No obstante, no es el imperio del absurdo, a la manera de una de sus narraciones; Emerio Medina resulta uno de los mejores narradores de la Isla a fuerza de talento, de disciplinada lectura y escritura, de no denostar lo local, ni creer mucho en tales fronteras; y su trayectoria constituye la prueba de que el arte es un llamado del ser, no del parecer.
«Adquirí desde temprano cultura literaria, en la escuela cubana, en el campo, con un maestro para siete muchachos», cuenta Emerio, quien, a falta de aula, hizo el quinto y el sexto grados en espacios cedidos por los campesinos, primero cerca del tabaco, después de una vaquería, con el ruido de las rastras de fondo.
«También tuve la suerte de que en mi casa me dejaran leer, mientras mis hermanos andaban afuera haciendo otras cosas». Lo demás ha sido caminar, observar, y contar por intuición. «He escrito las novelas que llevo por dentro, y me parece que aún tengo cosas que decir».
Con una amplia obra narrativa publicada, Emerio gusta más de la escritura para adolescentes, «la que más exige»; y defiende para ellos una literatura en la cual no se les impongan realidades que aún no son suyas; por eso les crea «un mundo fantástico, distópico, pero donde haya luces, donde puedan crecer».
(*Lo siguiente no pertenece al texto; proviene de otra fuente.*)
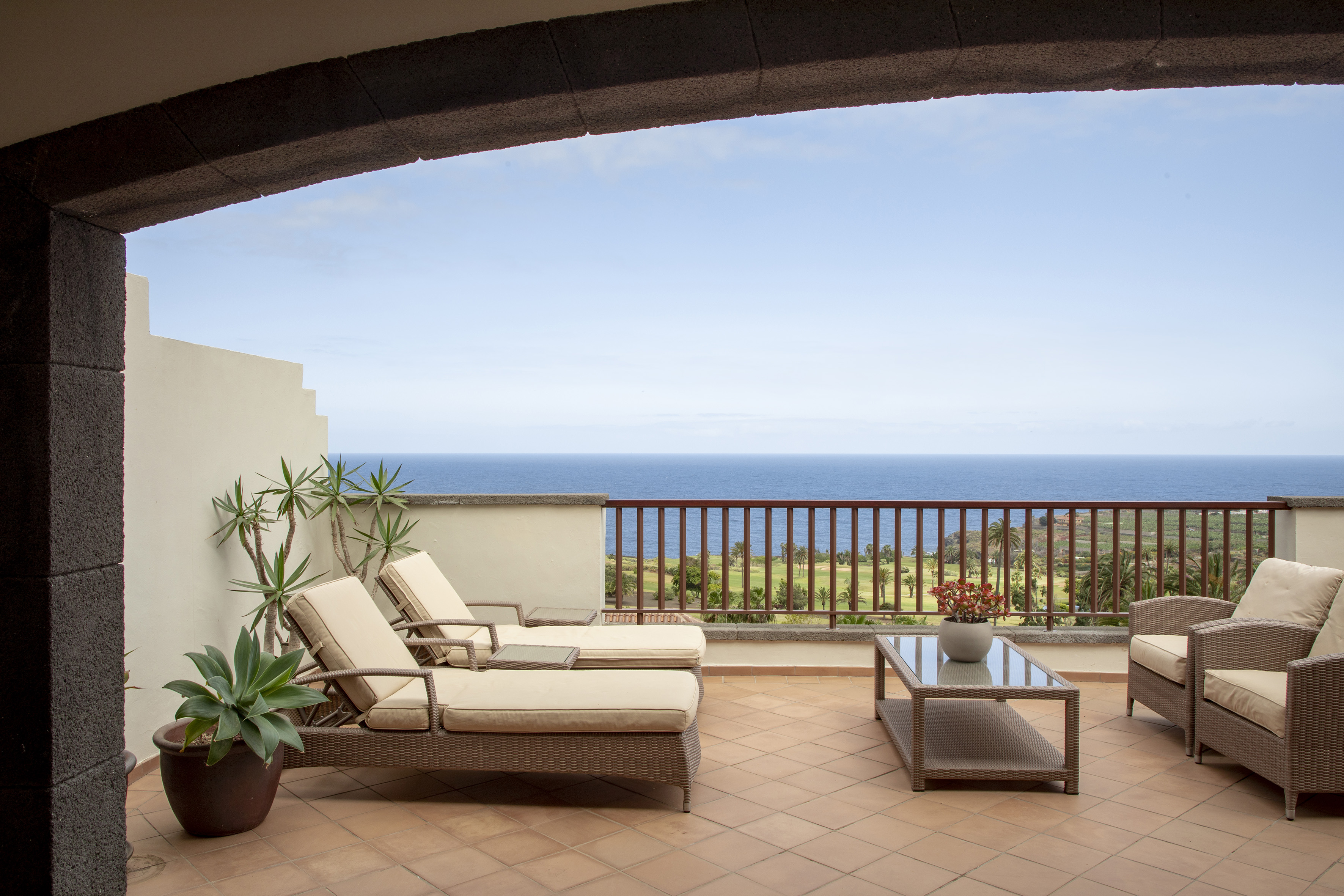 Ocean view terrace with rattan lounge chairs, patio furniture, and golf course.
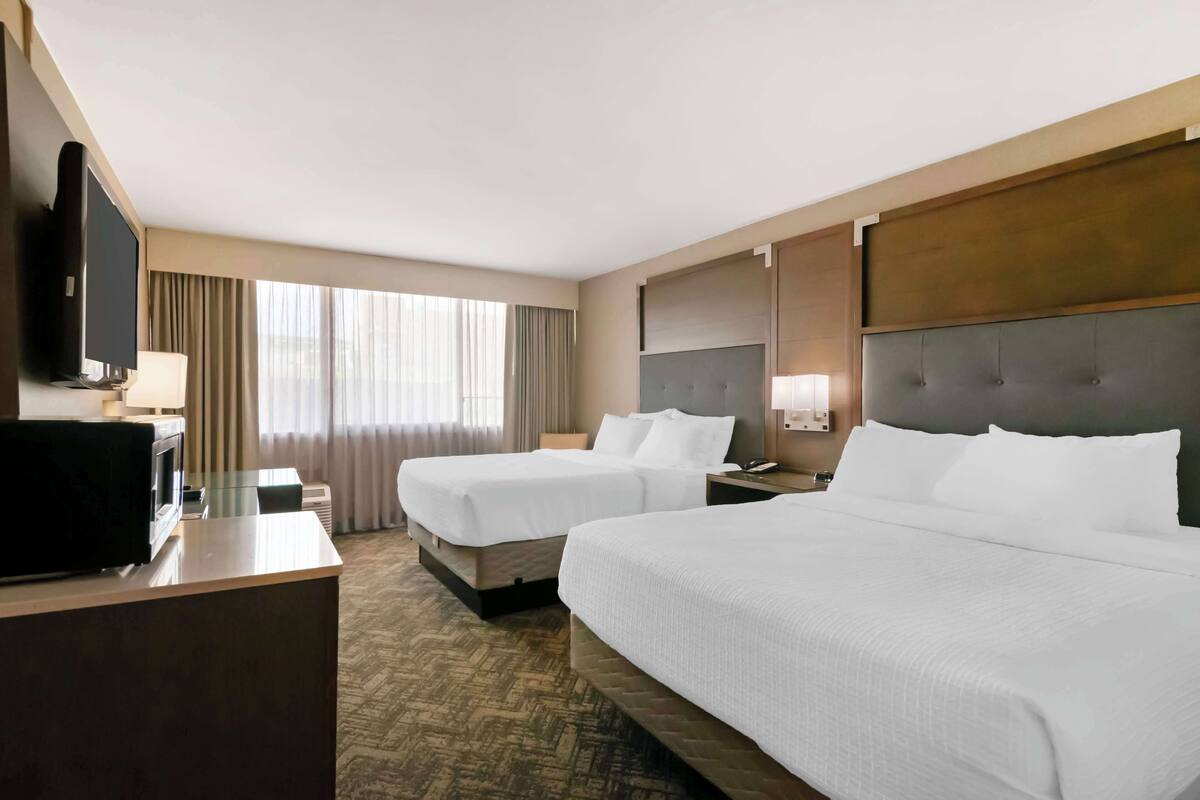 A hotel room with two beds, a desk with a flat-screen TV, a minibar, and a large window with curtains.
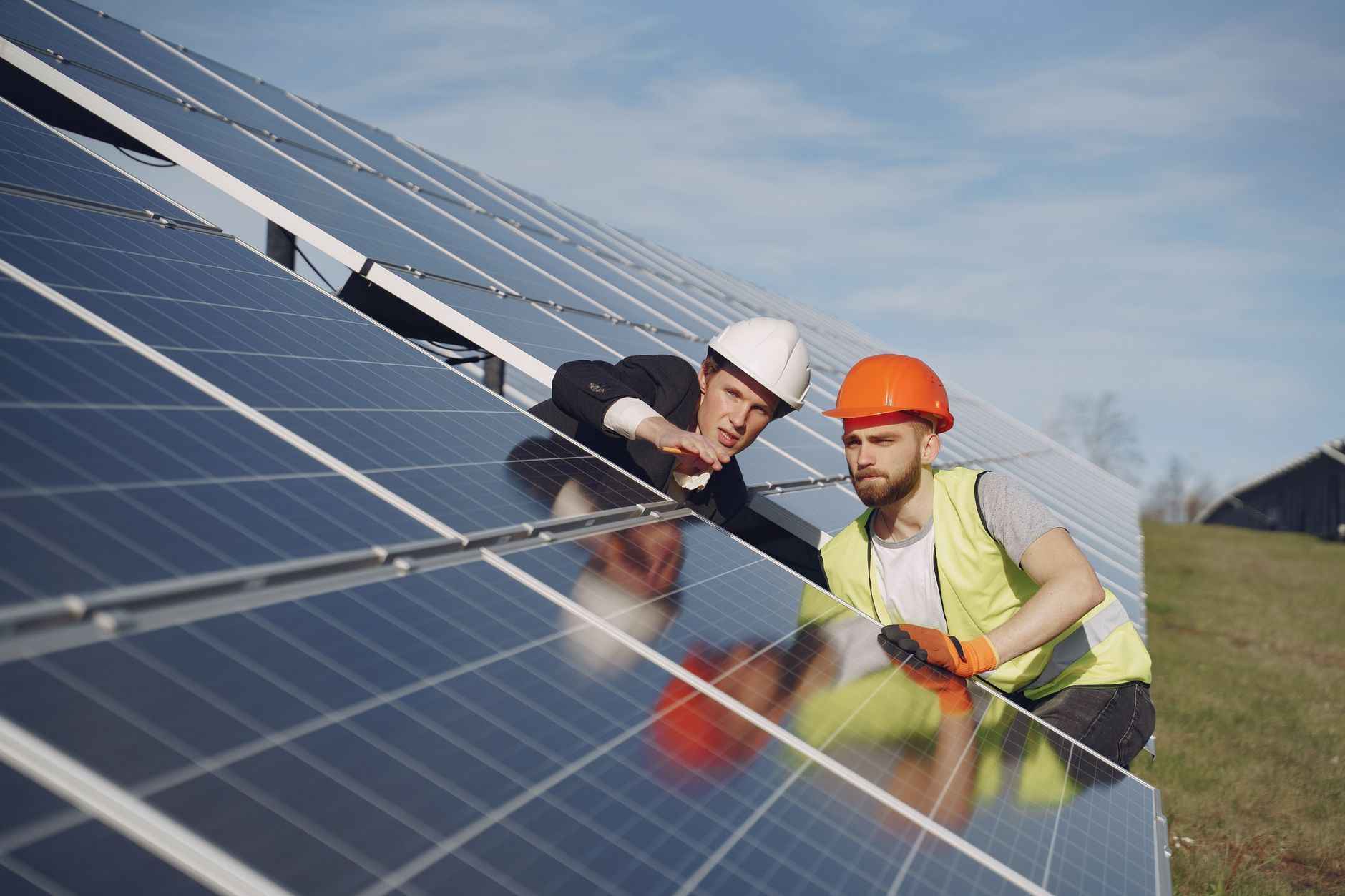 Young African innovator working on solar energy project outdoors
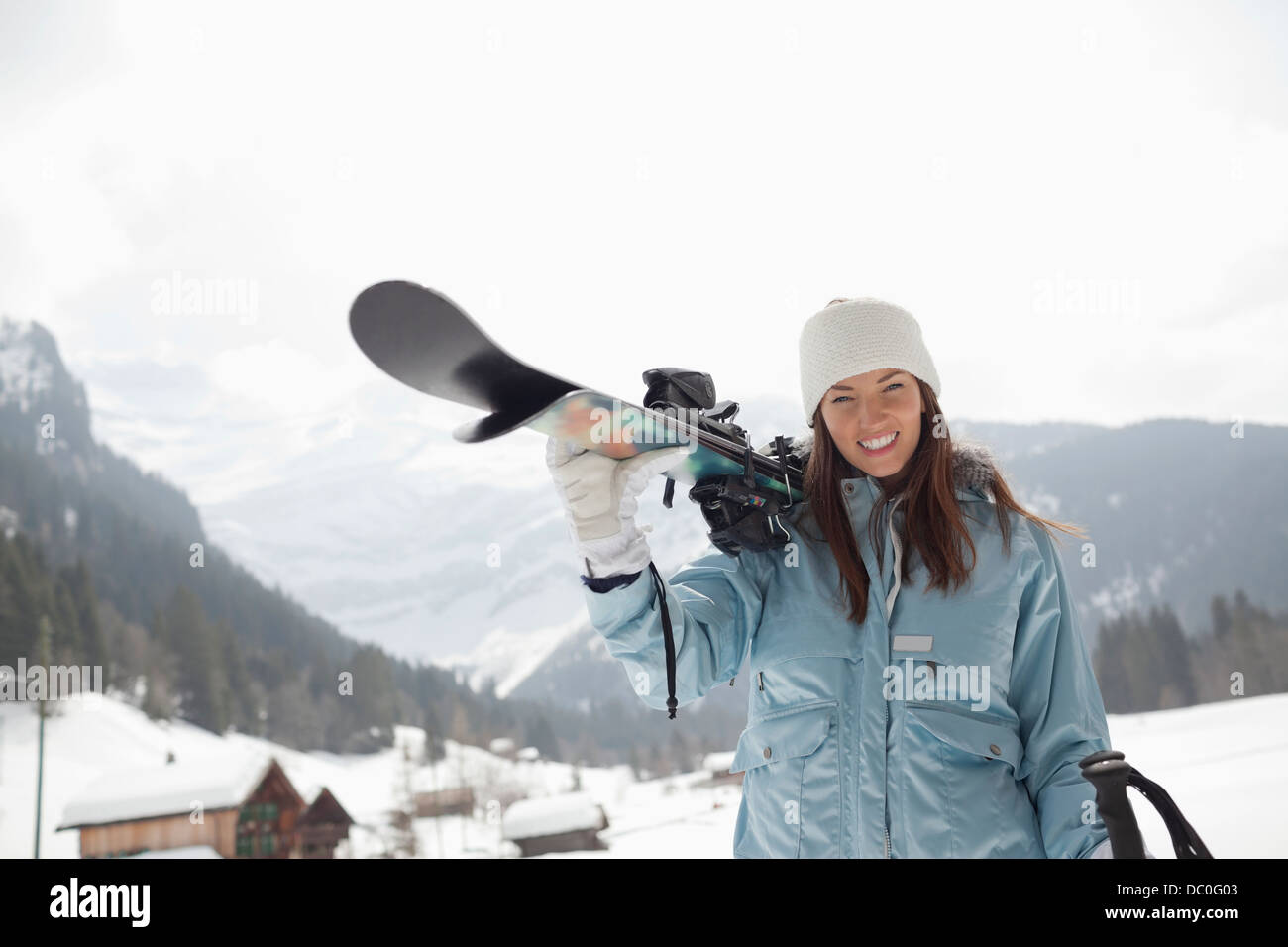 Portrait of enthusiastic woman carrying skis in snowy field Stock Photo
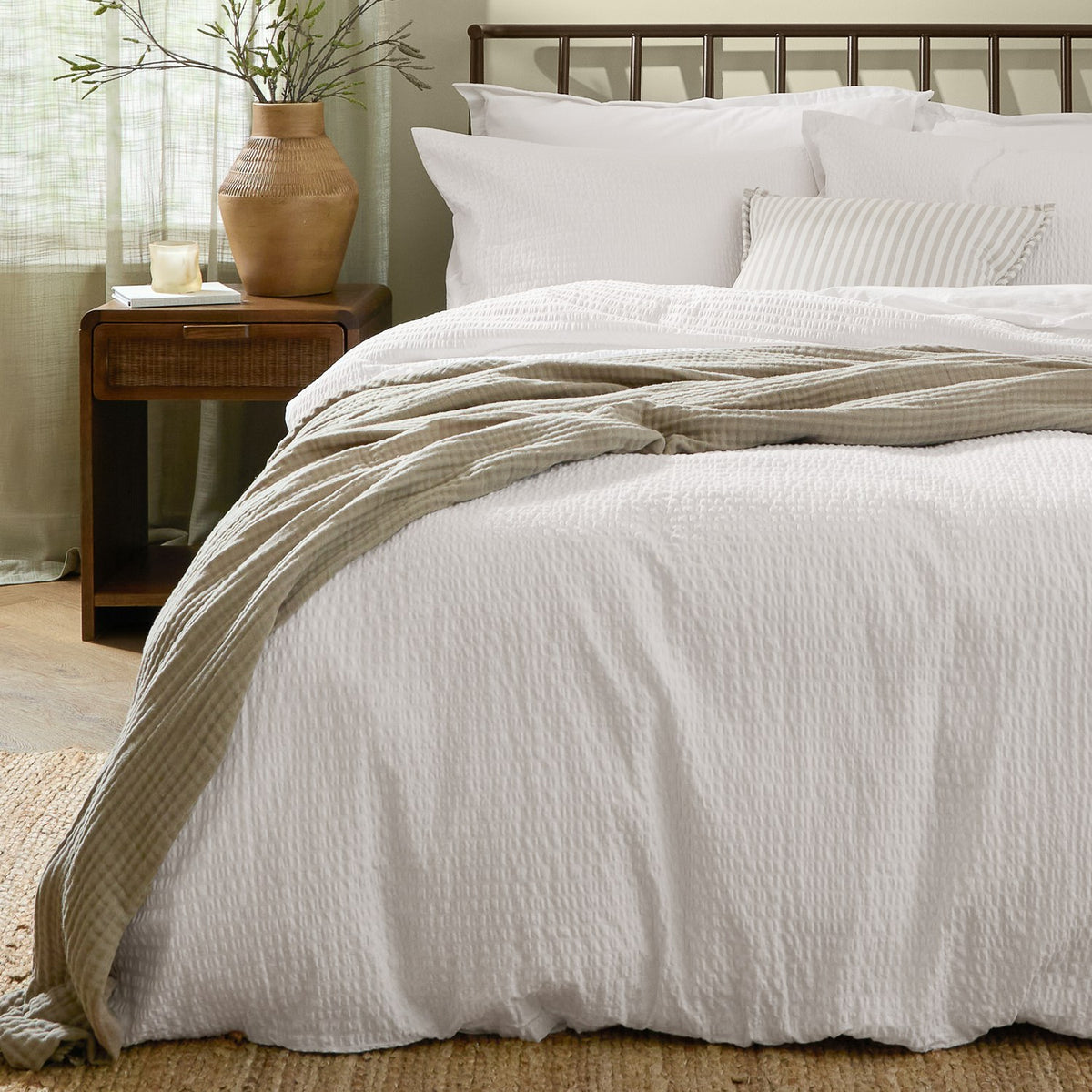 Hebden Cotton Plain Duvet Cover Set in Chalk white with seersucker texture, styled on a bed with white pillows and a striped throw in a bedroom setting.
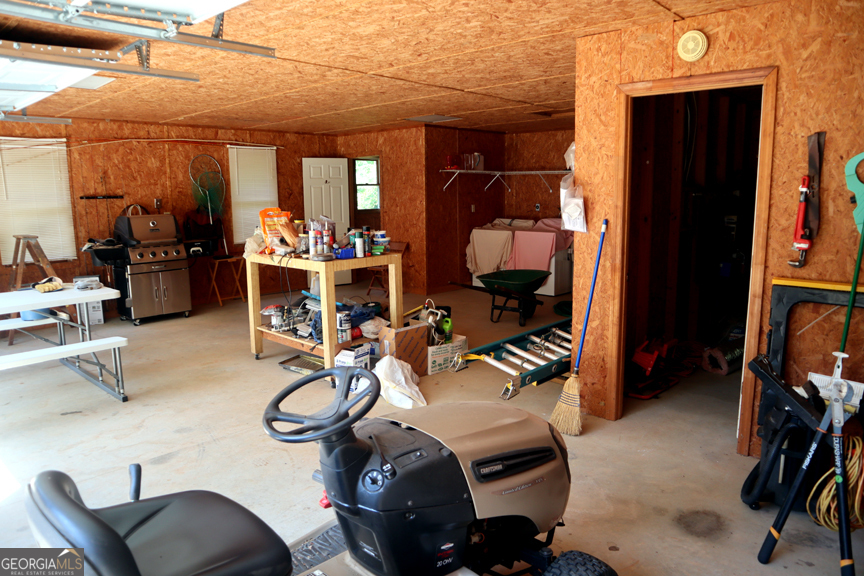 671 Pine Lake Sparta, GA 31087 - Photo 5 of 31 a view of a room with gym equipment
En el panel de El autor y su obra, conducido por Fernando Rodríguez Sosa, y en el que estuvieron Francisco López Sacha, Rafael de Águila y Ernesto Pérez Castillo, mucho se dijo de Emerio Medina, de su personalidad literaria propia, de su inteligencia lingüística, de los personajes signados por el hálito pegajoso de la tragedia, de su estilo elegante y diáfano, y también de su coherencia, y de lo poco que le pesan los galardones en el camino, de ser la persona que encuentra a su alrededor la maravilla de la vida para poderla contar.
Queda entonces leer más y todo del autor de ese cuento inquietantemente sencillo que es El hombre que vino a leer, y maravillarse, más que con su circunstancia, con esas estructuras que ha armado parte a parte, usando la paciencia y la sabiduría del buen mago, cuyos mejores trucos no alcanzan a ser revelados.